I think that's a bunch of malarkey. You don't have time to negotiate and play when your child is running towards a busy city street. You don't always have the chance to reason with them when they're doing something unsafe. Sometimes, you just need to be able to utter a command and know that your child knows they're supposed to respond. I'm not saying we have a 100% success rate for compliance, but we're usually above 90%, which I think is pretty good. Children don't know which commands are keeping them intact vs. keeping the china cabinet intact. It's not their job to stop and try to figure it out. They just need to listen. Their lives and my sanity depend on it. 

As the girls can recite, my words are to "teach them and keep them safe". So I used the newspaper this morning as a teachable moment.
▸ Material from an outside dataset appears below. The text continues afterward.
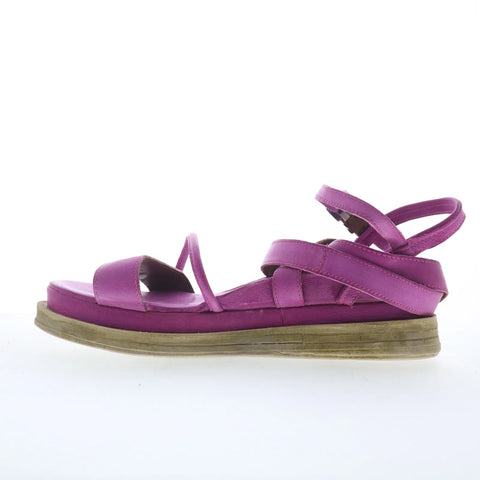 A.S. 98 Labo Womens Pink Leather Hook & Loop Platform Sandals Shoes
There were a lot of people that suffered in the hurricane, despite preparing as well as they could. I have nothing but sympathy for those folks. I've lived through roof-ripping hurricanes, and they're terrifying. I can imagine that the recovery effort is overwhelming. But there were a lot of people who suffered because they decided not to evacuate when they should have. They were given an order, but they chose not to obey. 

wwlp.com
Now, I'm not saying we should all be automatons that follow every recommendation of our government without questioning them. No, reason is important. But when all of the weather reports and emergency warnings tell you that 90mph winds and 10+ feet of water are coming to wipe away your home, it seems wise to evacuate. Especially if you aren't savvy in the areas of meteorology, civil engineering, and hydrology. They weren't interrupting your weekend TV programs for the fun of it. No, they were trying to keep you from getting killed. 

I wonder, as I see more people subscribe to the "negotiate until agreement" method of parenting, if this phenomenon will get worse in the future. If a good chunk of our society believes that the rules don't really apply to them (especially if they don't like the rule or recommendation), how will we stay safe? How will we learn without having to learn the hard way?